Program Notes
FAMILIA RODANTE (ROLLING FAMILY)
Chale Nafus
Director of Programming, Austin Film Society
We’re going straight to Hell.- Emilia, matriarch
Are
families inherently tragic or comic? The easy answer is that most
families are both tragic and comic, but at different times. What is
tragic or disturbing for a family this year may be looked back upon as
at least humorous or even absurdly funny the following year. But when
one is in the midst of family tensions and dramas, it’s usually
difficult to find the humor.
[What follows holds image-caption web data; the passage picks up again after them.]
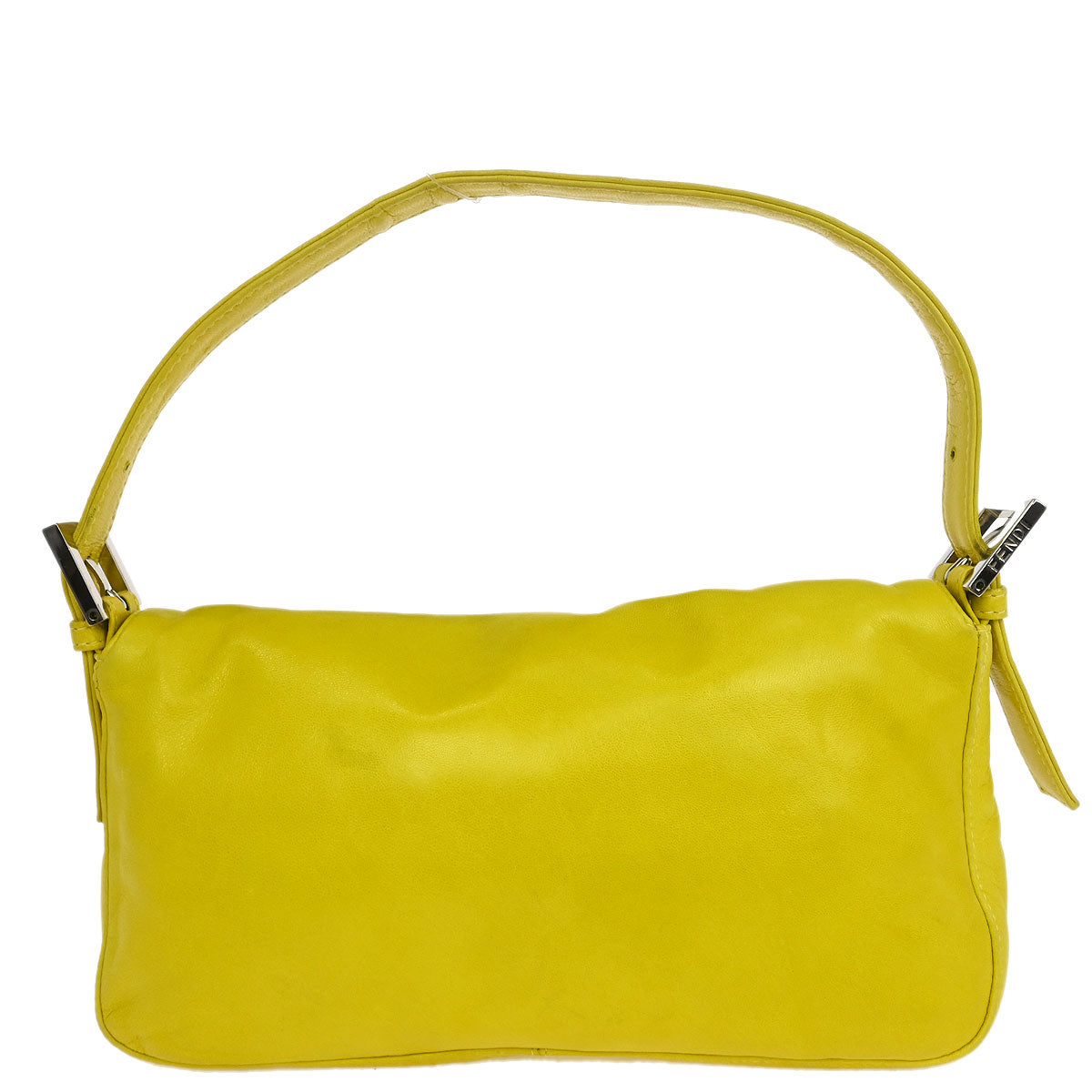 Fendi Yellow Leather Baguette Handbag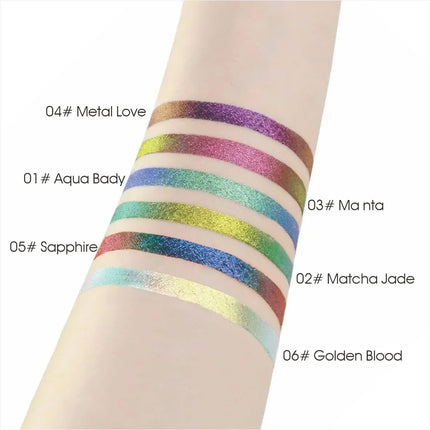 Shiny Chameleon Green Liquid Eyeliner Metallic Eyeshadow Multicolor Eye Liner Pearlescent Polarized Glitter Eye Pigment Makeup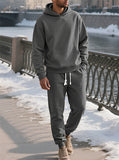 Men's Casual Solid Color Textured Jacquard Drawstring Hooded Sweatshirts & Sweatpants Outfit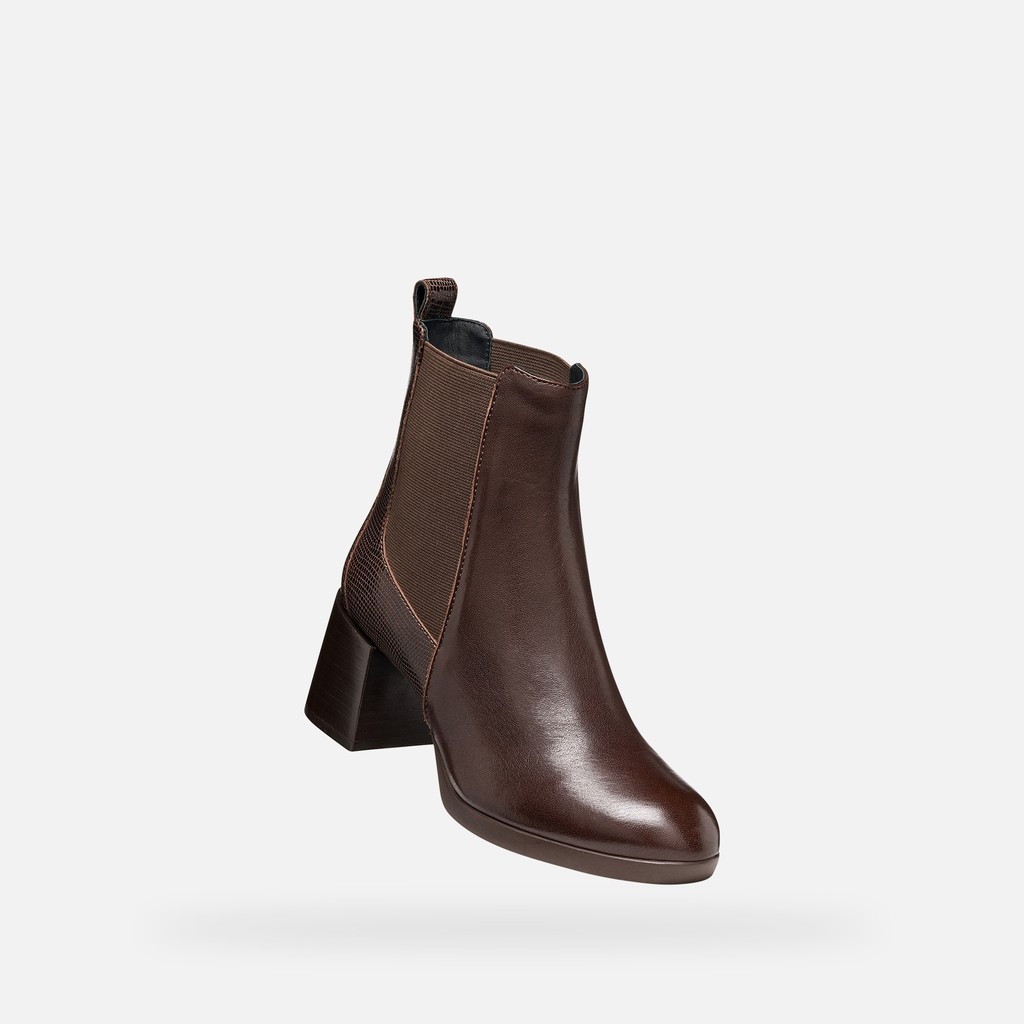 Medium heel ankle boots WALK PLEASURE 55T WOMAN Dark Brown - image number 5 | GEOX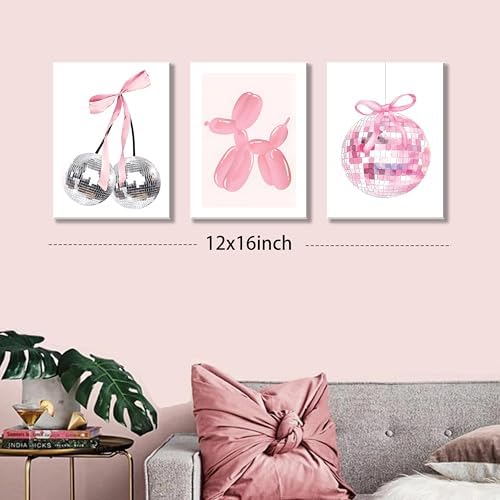 Framed Pink Disco Ball Wall Art Set of 3, Cute Cherry with Bows and Balloon Dog Posters Print, Trendy Pink Aesthetic Party Wall Decor for Teen Girls Bedroom Dorm Apartment 12x16in - Image 3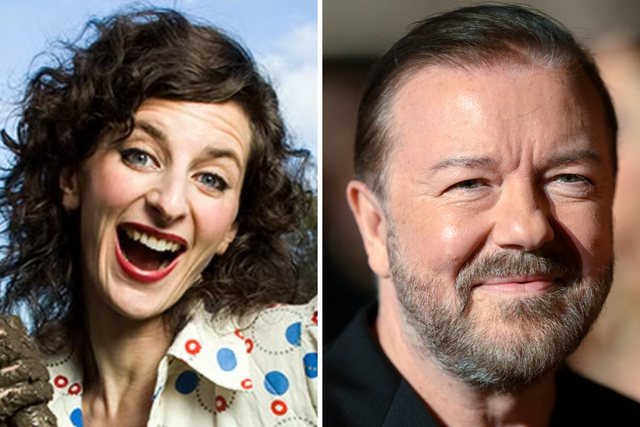 <p>Felicity Ward and Ricky Gervais</p>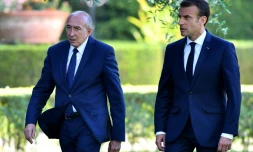 Emmanuel Macron et Gérard Collomb à Rome le 26 juin 2018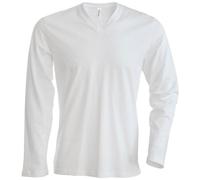 Kariban Mens Slim Fit Long Sleeve V Neck T-Shirt (3XL) (White)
As an audience watching FAMILIA RODANTE
(ROLLING FAMILY), we can probably find a lot more comic elements than
the family members themselves would appreciate.
84-year-old
Emilia is the matriarch of this extended family on the road. Asked by
relatives in her distant hometown to serve as a madrina (matron of
honor) at a wedding, Emilia tells her family they will all go to
Misiones for the wedding. Her decision is evidently to be obeyed, no
questions allowed. This is a good excuse for Emilia to revisit her
birthplace one last time before an inevitable death. Even though she
doesn’t say so, her daughters intuitively know what this trip means to
their mother.
These two daughters, Marta and Claudia, are
married and have children. Always distraught, Marta, with somewhat long
hair usually pulled back, is married to the overweight Oscar, and their
three children are Gustavo (a teenage boy just discovering the joys and
pains of his adolescent urges), Matias (a sweet younger boy who loves
stray animals), and blonde dread-locked Paola, who has an infant child
from her scruffy boyfriend Claudio. Quiet Claudia, who has rather short
hair, is married to Ernesto, bespectacled and always complaining
without doing anything to help. Their only child is Yanina, who invites
her best friend Nadia along for the ride.
These eleven (and
then twelve, when Claudio unhappily climbs aboard) people will jam
themselves into a 1958 Chevrolet Viking truck with attached camper and
go on a 1200 kilometer (745 miles) journey from the metropolitan area
of Buenos Aires northward to Misiones on the border with Brazil. During
the course of the trip, which takes several days, old desires resurface
and new ones appear, creating tensions (both comic and dramatic) inside
the camper. Just as in PRIVATE FEARS IN PUBLIC PLACES, several parallel
stories begin unfolding and commenting on one another, often
unknowingly but generally within the environs of the camper and truck.
To
me, the funniest aspect of the film is that the adults never realize
that a full-blown emotional/sexual affair is taking place among the
three adolescents. The adults are so focused on their own psycho-sexual
tensions that they are unaware of much else. Ernesto’s middle-age
crisis of affection and desire is the stuff of absurdist humor (when
it’s happening to someone else, just as all humor is funnier when
someone else is the butt of the joke or ridiculous situation). There is
simply not enough space for dangerous liaisons, as Ernesto will
discover. Even Oscar’s hatred of his daughter’s babydaddy has some
complex sexual overtones – jealous father disapproving of the man who
gets his daughter pregnant and but doesn’t act appropriately. Once
Claudio is added to the ménage in the camper, the tensions are even
more complex. The irony is that these people are all rushing off into
the countryside to attend a wedding, which will united two more
souls/minds/bodies, who might end up being just as miserable as these
city couples.
Throughout the course of this long trip in a
nearly 50-year-old vehicle, the inevitable car trouble happens. Since
director Trapero grew up in a family in which his father had a car
parts business, there is a nice bit of humor in Oscar’s attempt to find
a spare part for an old Chevy in a remote area. Ironically, Oscar owns
an auto parts store in Buenos Aires, but he didn’t bring any spare
parts on this trip. Heat, humidity, mosquitoes, cranky nerves,
children, an infant, cramped space, and arguments all make for
uncomfortable moments which can be funny or dramatic, depending on our
point of view. Toll road fares and unexpected “road control
checkpoints” all make Oscar’s blood boil, especially since some of his
car documents have expired. Claudia’s toothache can only be funny in a
movie – often a source of merriment in slapstick films, but in FAMILIA
RODANTE the trip to the dentist allows Ernesto to make a move on his
sister-in-law while his wife is safely involved with her dental pain.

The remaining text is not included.